Yang Xiahui, Liang Minchao, Yu Zhiqi, Fan Jiaquan
Department of Respiratory and Critical Care Medicine, The Second Affiliated Hospital of Guangzhou Medical University, PCODE:440100, Guangzhou, China.
Department of Oncology, HaploX Biotechnology, 8 / F, Aotexin Power Building, No.1, Songpingshan Road, High Tech North District, Nanshan District, Shenzhen 110000, Guangdong Province, China.
J Oncol. 2022 Jul 30;2022:6373226. doi: 10.1155/2022/6373226. eCollection 2022.
Hypoxia is a typical microenvironmental feature of most solid tumors, affecting a variety of physiological processes. We developed a hypoxia-related prognostic risk score (HPRS) model to reveal tumor microenvironment (TME) and predict prognosis of lung adenocarcinoma (LUAD).
LUAD sample expression data were from The Cancer Genome Atlas (TCGA) and Gene Expression Omnibus (GEO) databases. Weighted gene co-expression network analysis (WGCNA) and least absolute shrinkage and selection operator (LASSO) Cox regression identified hypoxia-related genes (HRGs) to create HPRS. The prognostic value, genetic mutation and TME, and therapeutic response of distinct HPRS groups were analyzed. Univariate and multivariate Cox regression analysis identified independent factors associated with the prognosis of LUAD. A decision tree based on HPRS and clinicopathological variables was established using the classification system based on decision tree algorithm. A nomogram was constructed with important clinical features and HPRS by the RMS package.

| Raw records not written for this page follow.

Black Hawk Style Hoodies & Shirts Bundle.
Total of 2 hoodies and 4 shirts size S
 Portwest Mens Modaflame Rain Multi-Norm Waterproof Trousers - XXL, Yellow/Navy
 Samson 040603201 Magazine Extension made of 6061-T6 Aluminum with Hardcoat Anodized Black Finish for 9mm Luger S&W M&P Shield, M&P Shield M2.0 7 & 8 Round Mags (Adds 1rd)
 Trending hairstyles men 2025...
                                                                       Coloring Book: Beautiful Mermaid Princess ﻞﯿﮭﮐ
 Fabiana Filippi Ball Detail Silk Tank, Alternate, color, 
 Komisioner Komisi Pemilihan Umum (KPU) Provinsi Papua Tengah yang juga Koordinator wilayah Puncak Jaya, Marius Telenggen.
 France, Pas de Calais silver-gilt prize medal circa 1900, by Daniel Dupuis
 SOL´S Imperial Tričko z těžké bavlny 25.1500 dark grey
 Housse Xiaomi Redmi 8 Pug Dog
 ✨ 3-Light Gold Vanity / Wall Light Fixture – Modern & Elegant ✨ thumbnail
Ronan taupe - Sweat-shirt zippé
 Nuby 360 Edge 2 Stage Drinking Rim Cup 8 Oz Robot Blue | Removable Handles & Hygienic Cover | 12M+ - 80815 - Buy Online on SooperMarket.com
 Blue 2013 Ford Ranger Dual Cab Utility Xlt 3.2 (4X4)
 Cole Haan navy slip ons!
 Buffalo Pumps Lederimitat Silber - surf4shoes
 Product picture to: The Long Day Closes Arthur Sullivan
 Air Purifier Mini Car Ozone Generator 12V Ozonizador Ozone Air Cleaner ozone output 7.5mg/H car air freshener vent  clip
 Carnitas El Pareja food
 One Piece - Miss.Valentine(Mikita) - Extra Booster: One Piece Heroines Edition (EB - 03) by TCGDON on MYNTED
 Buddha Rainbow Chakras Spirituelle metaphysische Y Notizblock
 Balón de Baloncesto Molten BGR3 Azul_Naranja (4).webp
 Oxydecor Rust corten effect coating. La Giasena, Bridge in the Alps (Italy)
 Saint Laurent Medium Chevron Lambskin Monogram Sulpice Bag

A HPRS model with five HRGs was developed and verified in two separate cohorts of GEO. HPRS model divided patients with LUAD into two groups. High HPRS was related to high probability of genetic alterations. HPRS could predict the prognosis, TME, and sensitivity to immunotherapy/chemotherapy of LUAD. The decision tree defined four risk subgroups with significant OS differences. Nomogram with integrated HPRS and clinical features had acceptable accuracy in predicting LUAD prognosis.
A HPRS model was developed to evaluate prognosis, genetic alterations, TME, and response to immunotherapy, which may provide theoretical reference for the study of molecular mechanism of hypoxia in LUAD.
缺氧是大多数实体瘤典型的微环境特征,影响多种生理过程。我们开发了一种缺氧相关的预后风险评分(HPRS)模型,以揭示肿瘤微环境(TME)并预测肺腺癌(LUAD)的预后。
LUAD样本表达数据来自癌症基因组图谱(TCGA)和基因表达综合数据库(GEO)。加权基因共表达网络分析(WGCNA)和最小绝对收缩和选择算子(LASSO)Cox回归确定缺氧相关基因(HRGs)以创建HPRS。分析了不同HPRS组的预后价值、基因突变和TME以及治疗反应。单因素和多因素Cox回归分析确定了与LUAD预后相关的独立因素。使用基于决策树算法的分类系统,基于HPRS和临床病理变量建立决策树。通过RMS包构建具有重要临床特征和HPRS的列线图。
开发了一个包含五个HRGs的HPRS模型,并在GEO的两个独立队列中进行了验证。HPRS模型将LUAD患者分为两组。高HPRS与高基因改变概率相关。HPRS可以预测LUAD的预后、TME以及对免疫治疗/化疗的敏感性。决策树定义了四个总生存期有显著差异的风险亚组。整合了HPRS和临床特征的列线图在预测LUAD预后方面具有可接受的准确性。
开发了一个HPRS模型来评估预后、基因改变、TME和免疫治疗反应,这可能为LUAD缺氧分子机制的研究提供理论参考。